==== DATA EXCERPTS

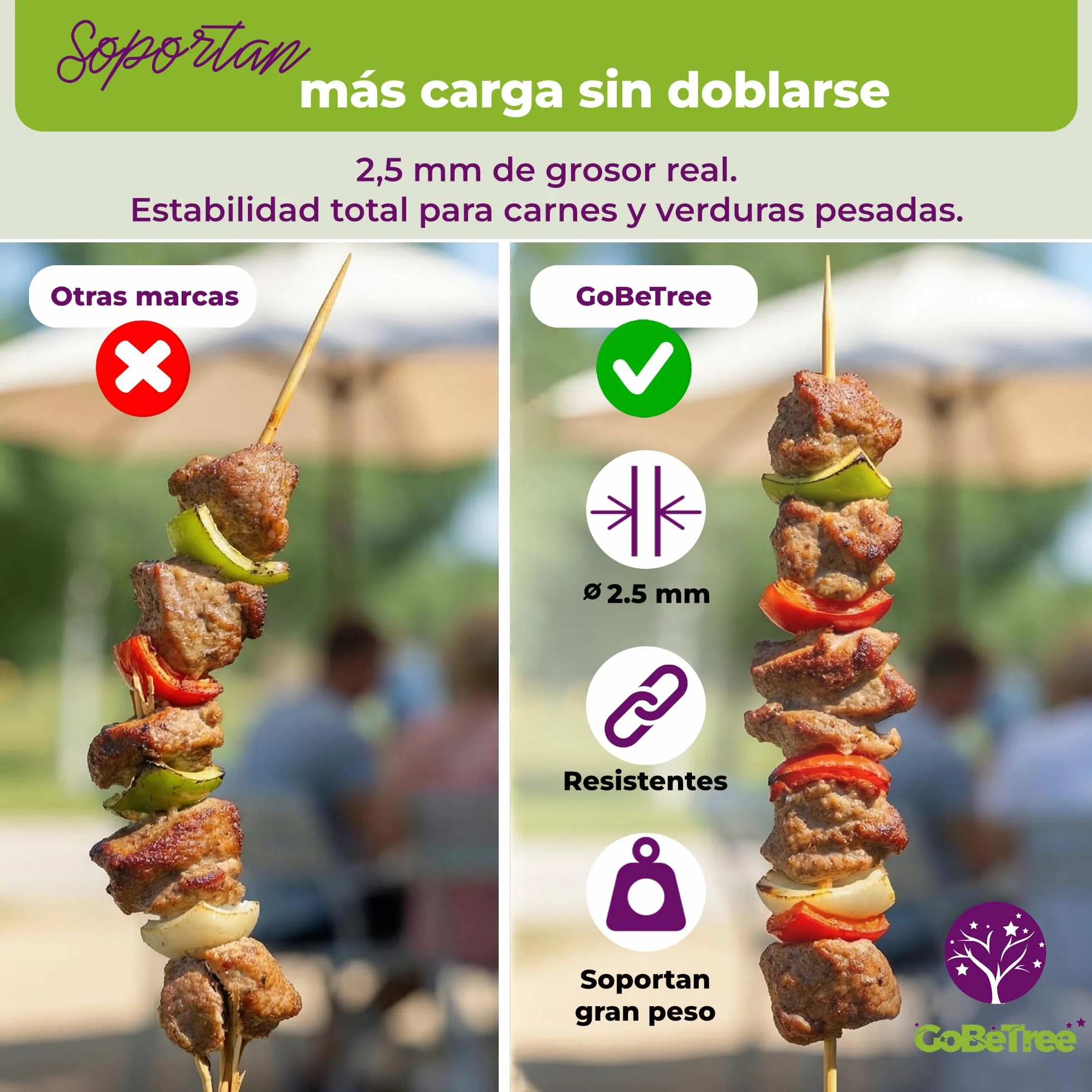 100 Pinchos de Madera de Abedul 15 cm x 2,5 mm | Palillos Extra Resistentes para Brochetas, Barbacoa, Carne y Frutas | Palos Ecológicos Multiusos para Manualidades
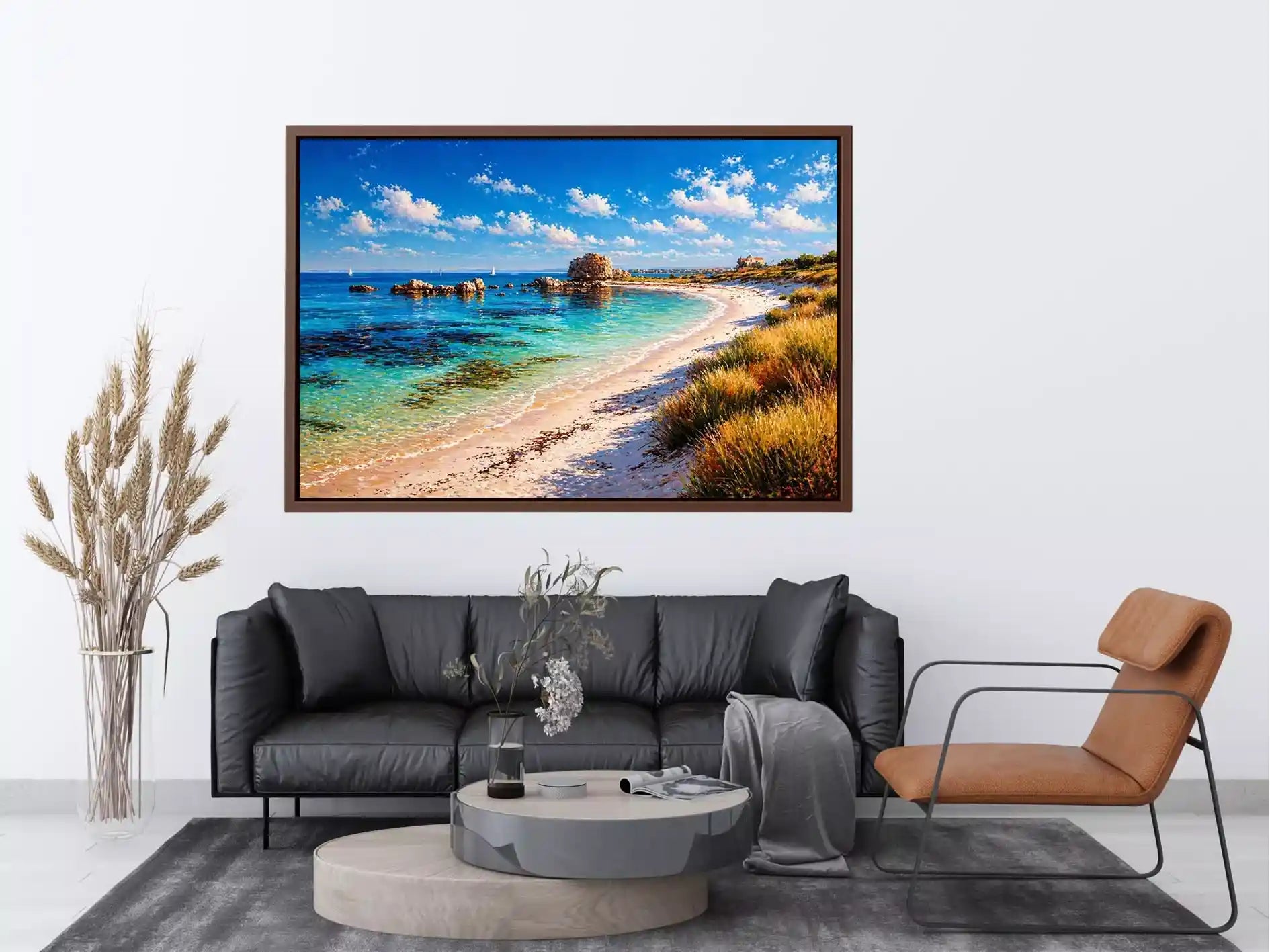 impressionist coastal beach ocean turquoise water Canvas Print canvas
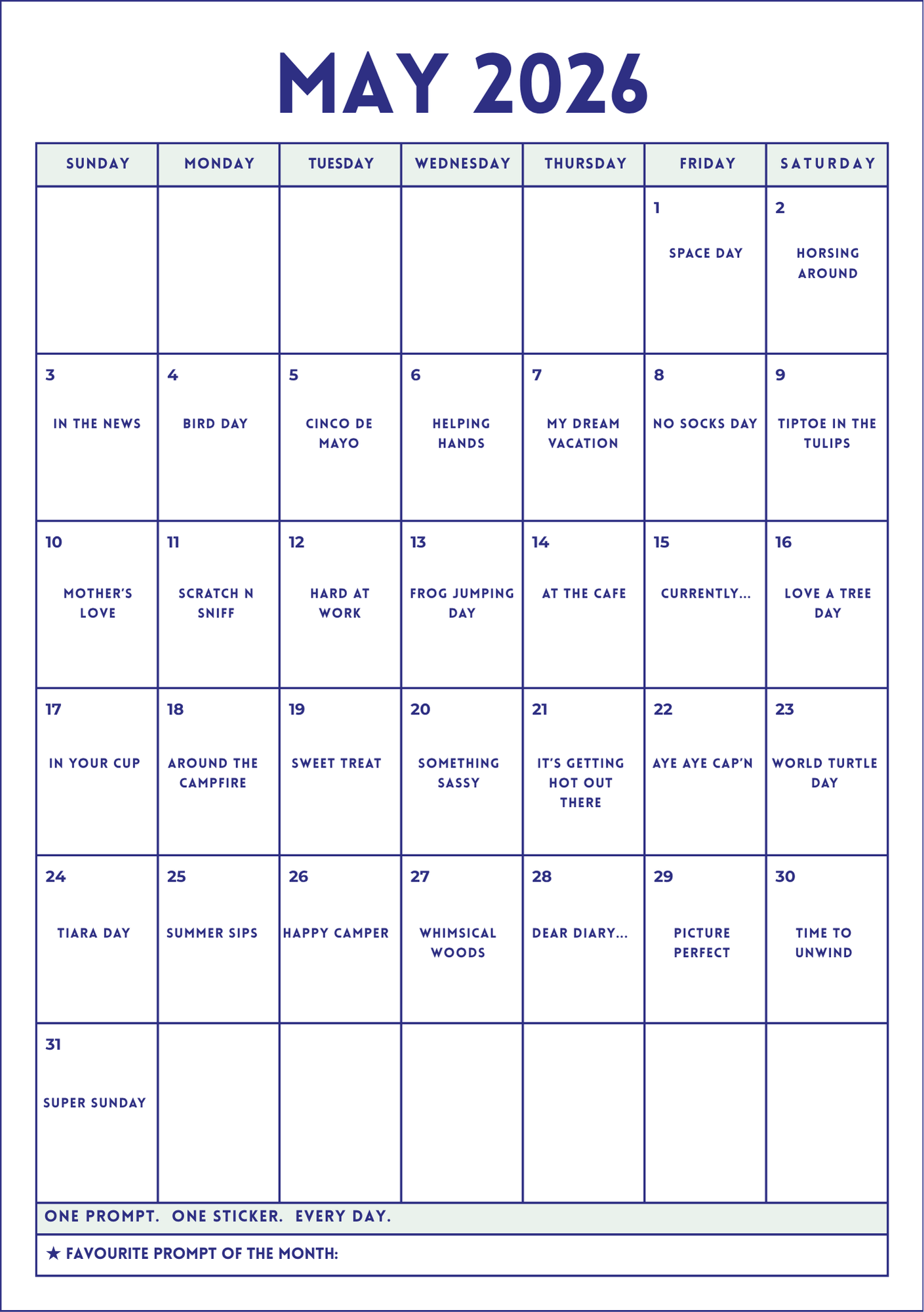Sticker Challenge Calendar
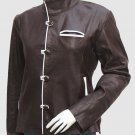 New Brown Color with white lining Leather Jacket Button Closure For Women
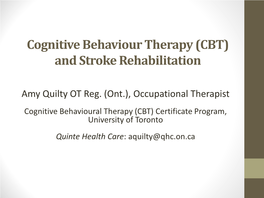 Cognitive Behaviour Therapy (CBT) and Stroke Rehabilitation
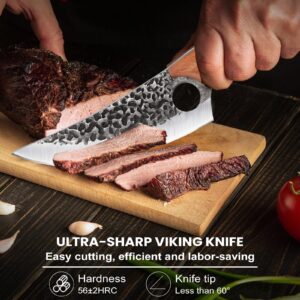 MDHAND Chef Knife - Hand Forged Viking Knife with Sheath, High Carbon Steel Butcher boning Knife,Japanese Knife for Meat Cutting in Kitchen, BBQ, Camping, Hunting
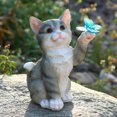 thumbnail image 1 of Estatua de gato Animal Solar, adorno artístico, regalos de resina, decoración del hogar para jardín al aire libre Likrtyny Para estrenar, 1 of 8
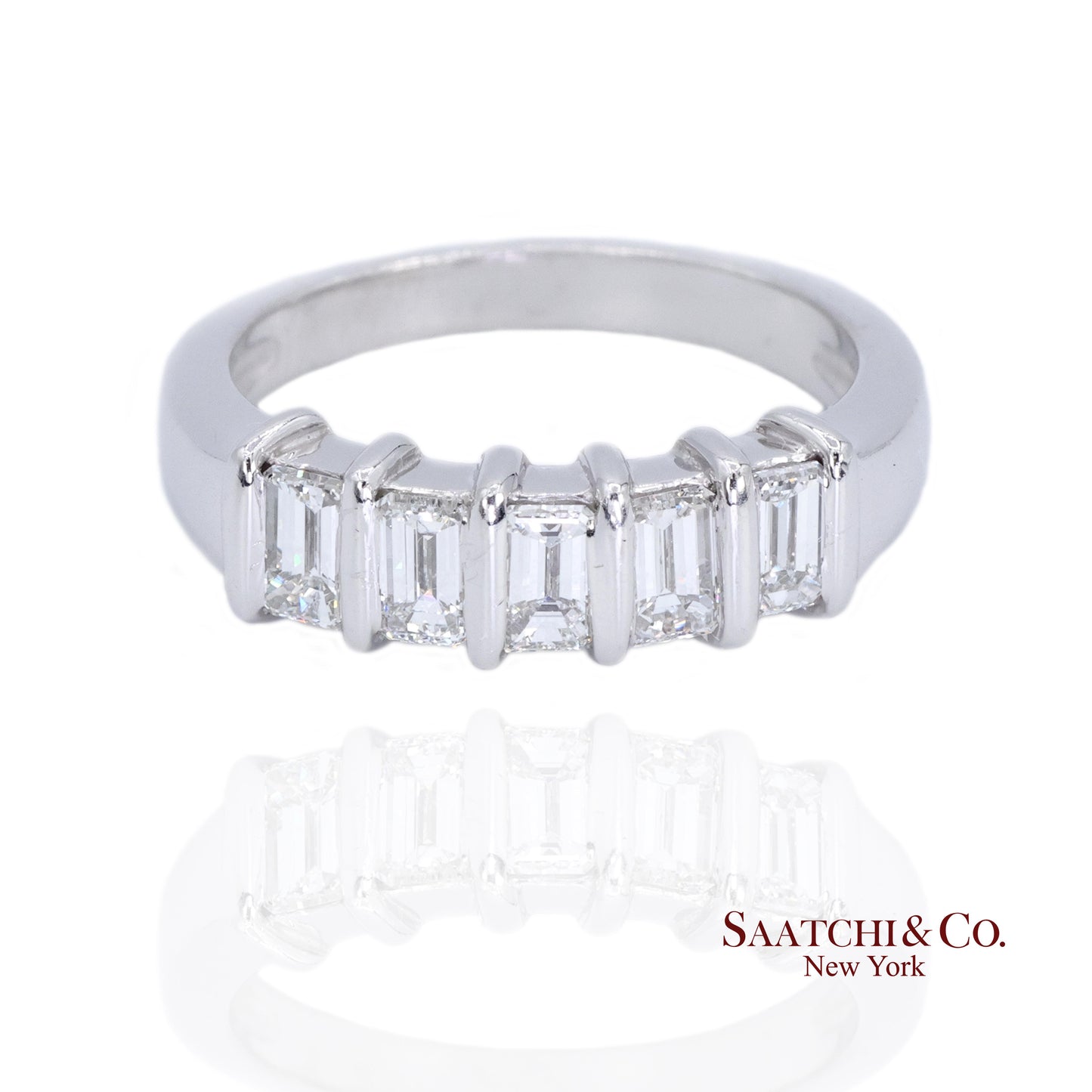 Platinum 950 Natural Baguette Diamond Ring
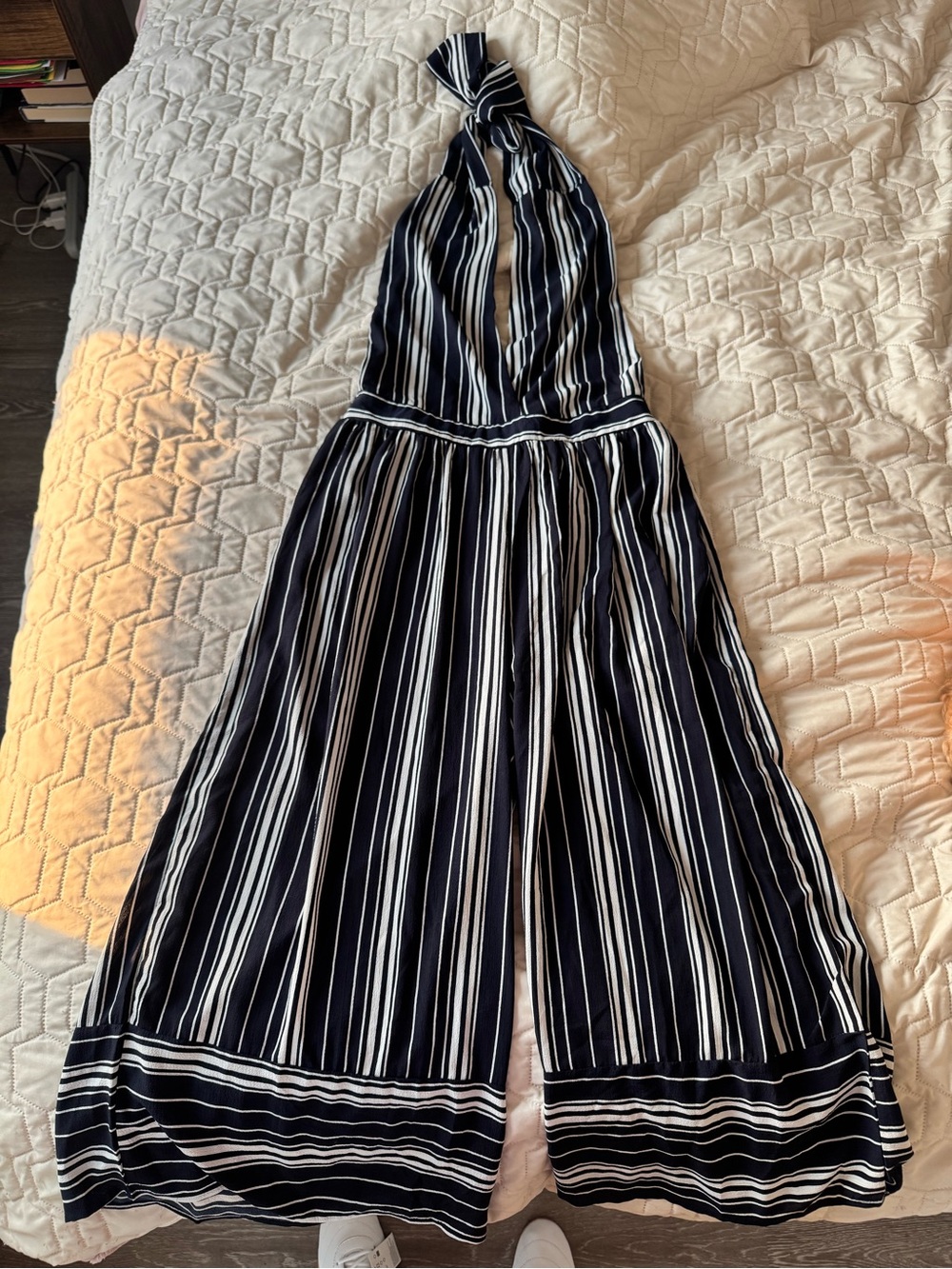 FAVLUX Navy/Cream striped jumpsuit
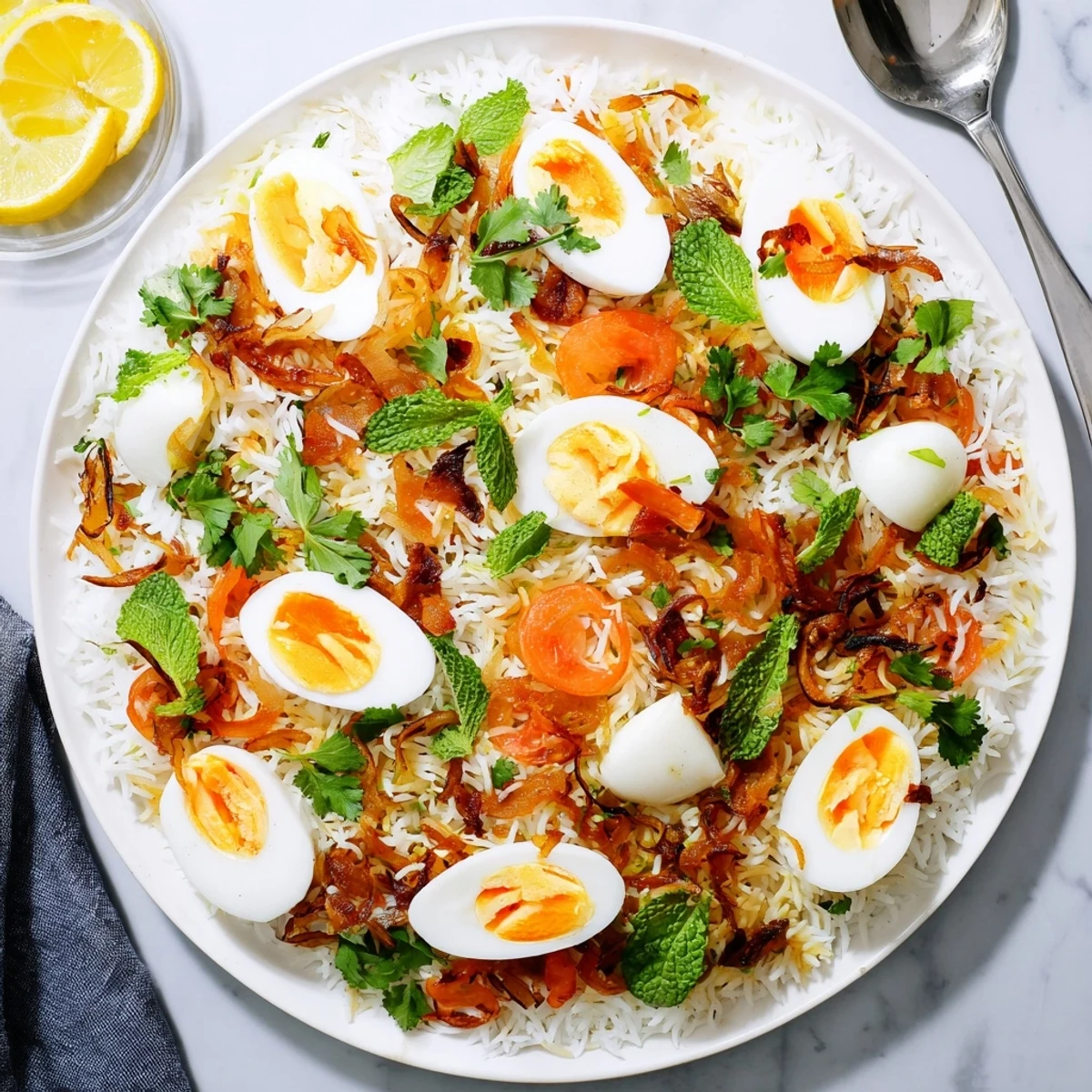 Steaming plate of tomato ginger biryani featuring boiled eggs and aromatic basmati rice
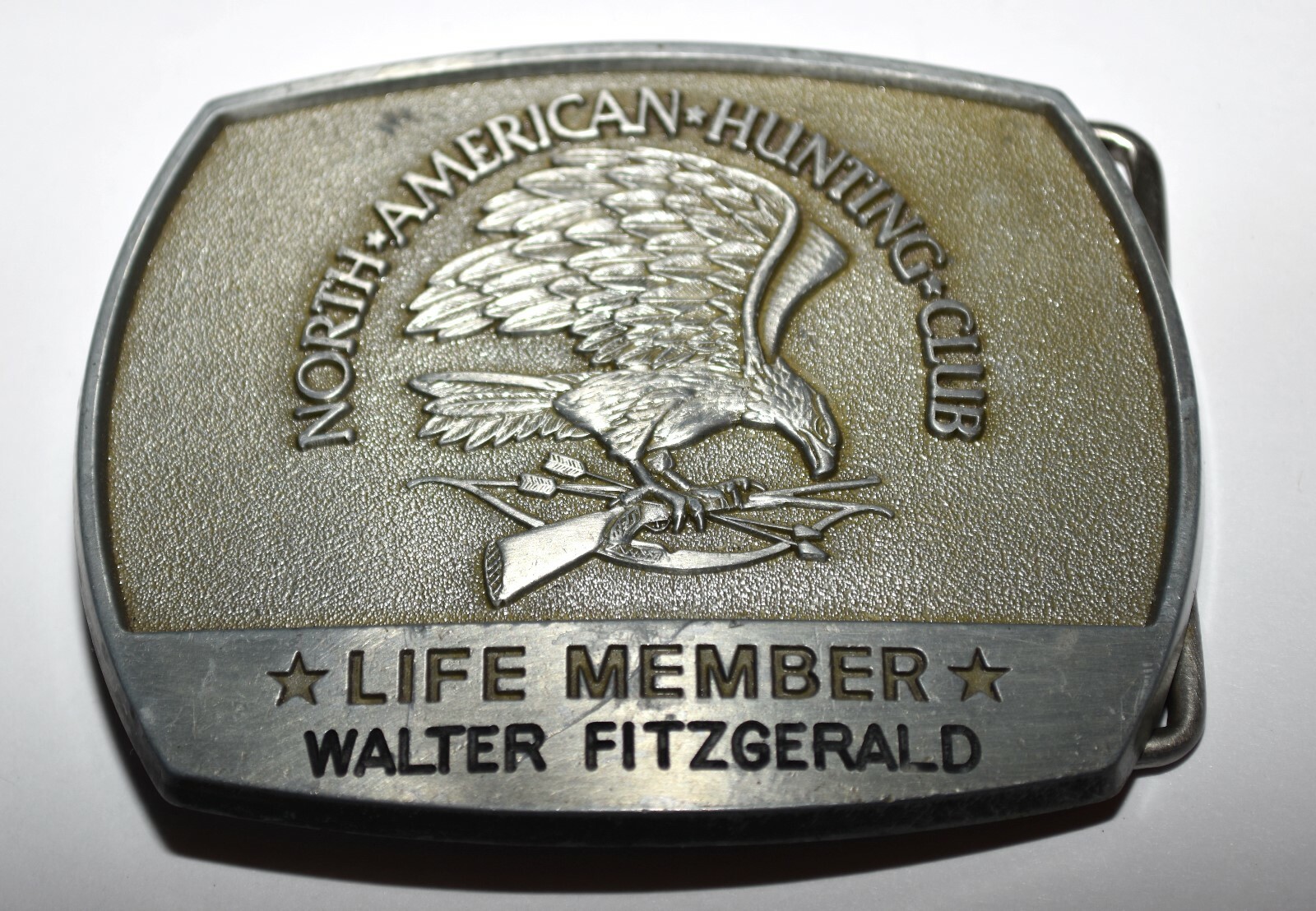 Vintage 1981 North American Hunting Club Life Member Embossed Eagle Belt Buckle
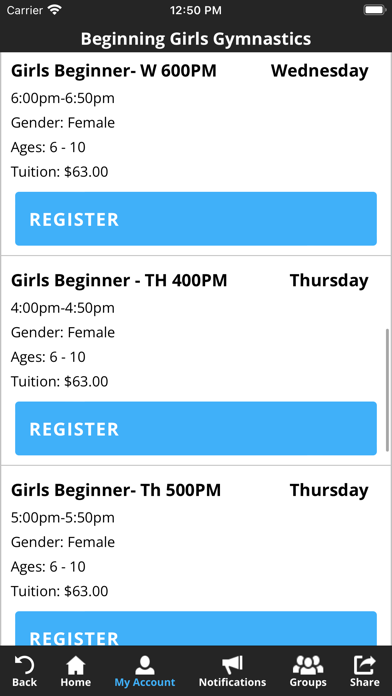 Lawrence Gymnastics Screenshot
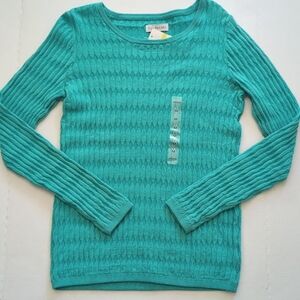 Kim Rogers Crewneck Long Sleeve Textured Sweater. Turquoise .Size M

========

- [DESCRIPTION OF THE TASK]:
Give back the entire listing verbatim, without the pictures.

- [RESULT]:
 100 Pinchos de Madera de Abedul 15 cm x 2,5 mm | Palillos Extra Resistentes para Brochetas, Barbacoa, Carne y Frutas | Palos Ecológicos Multiusos para Manualidades
 impressionist coastal beach ocean turquoise water Canvas Print canvas
Sticker Challenge Calendar
 New Brown Color with white lining Leather Jacket Button Closure For Women
 Cognitive Behaviour Therapy (CBT) and Stroke Rehabilitation
 MDHAND Chef Knife - Hand Forged Viking Knife with Sheath, High Carbon Steel Butcher boning Knife,Japanese Knife for Meat Cutting in Kitchen, BBQ, Camping, Hunting
 thumbnail image 1 of Estatua de gato Animal Solar, adorno artístico, regalos de resina, decoración del hogar para jardín al aire libre Likrtyny Para estrenar, 1 of 8
 Platinum 950 Natural Baguette Diamond Ring
 FAVLUX Navy/Cream striped jumpsuit
 Steaming plate of tomato ginger biryani featuring boiled eggs and aromatic basmati rice
 Vintage 1981 North American Hunting Club Life Member Embossed Eagle Belt Buckle
 Lawrence Gymnastics Screenshot
 Kim Rogers Crewneck Long Sleeve Textured Sweater. Turquoise .Size M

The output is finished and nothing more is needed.